Google Appsでログインするには_auth_domain=None, federated_identity='Google Appsのドメイン’でOKだ。（このあたりの情報はあまり出揃っていないようだ）
実際稼働させてみるとGoogleApssアカウントへの認証へ飛ばされる。もしAppsのロゴなども変更していればそれらも反映されている。

Kayにどうやって組み込もうかとあれこれ考えたが、やっぱり手っ取り早く@apps_login_requiredデコレータを自作することにした。
もともとのkay.auth.decorators.login_requiredのcreate_login_urlの部分を変更してOK。

さて、この時に認証先のドメインをどうやって取得するかが問題となった。

Google Market PlaceであればManifestのURLにドメインを組み込んでセットアップを行うのでその時に情報はあれこれ取得できるだろう。
今回開発しているアプリはMarketplace用ではなく、Google Appsへドメイン追加でアプリを追加している。また独自ドメインでエイリアスを設定している。
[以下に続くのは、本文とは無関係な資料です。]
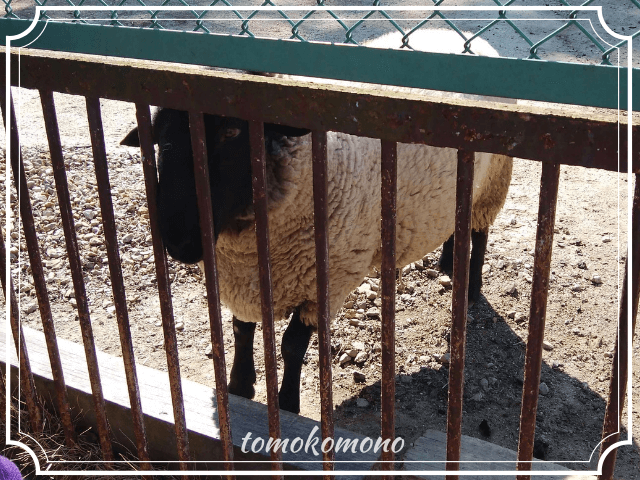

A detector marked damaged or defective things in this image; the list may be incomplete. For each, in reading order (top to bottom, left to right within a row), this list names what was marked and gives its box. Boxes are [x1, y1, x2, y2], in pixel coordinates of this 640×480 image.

rusty horizontal rail [1, 47, 636, 173]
独自ドメインでAppsへ登録したなら、その情報を使えばいいじゃないかということでいろいろと調べた。環境変数のSERVER_NAMEでホスト名は取得できるが、そこからドメインを推測するのは避けたい。AUTH_DOMAINかと思って試したが、gmail.comからかわらず・・。

いろいろ試してようやく見つけることができた。
Google Apps Engineで作ったアプリを、Google Appsへドメイン許可して登録すると以下の環境変数が追加される。

・HTTP_X_ZOO: 'app-id=アプリケーションID,domain=GoogleAppsドメイン'
・HTTP_X_GOOGLE_APPS_METADATA: 'domain=GoogleAppsドメイン’
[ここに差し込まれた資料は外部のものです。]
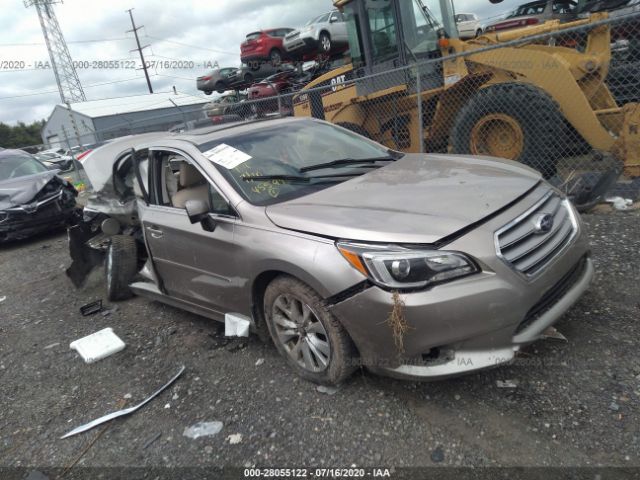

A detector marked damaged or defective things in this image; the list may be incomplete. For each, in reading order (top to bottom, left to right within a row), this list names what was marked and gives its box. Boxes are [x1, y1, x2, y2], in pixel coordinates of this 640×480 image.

damaged subaru legacy [0, 148, 78, 242]
broken side mirror [184, 197, 216, 231]
damaged subaru legacy [67, 118, 592, 384]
これらの環境変数は独自ドメインでアプリにエイリアスを登録した時にのみ付与される。（appspot.comの場合は付与されない）
Federated Loginを使用した場合はその他にもFEDERATED_IDENTITYやFEDERATED_PROVIDERなども追加される。（DATACENTERなんていう変数も・・）

また、もうひとつの注意点としてFederated LoginでGooleAppsの管理者アカウントへログインした場合でも、is_current_user_admin()がTrueにはならない。あくまでアプリの管理者リストに登録されている場合にのみTrueが返される。（appspot.comの管理サイトで管理者リストにメールアドレスを登録する必要がある）

これで、AppsEngineで作ったアプリをドメイン追加でApps認証させることができるようになった。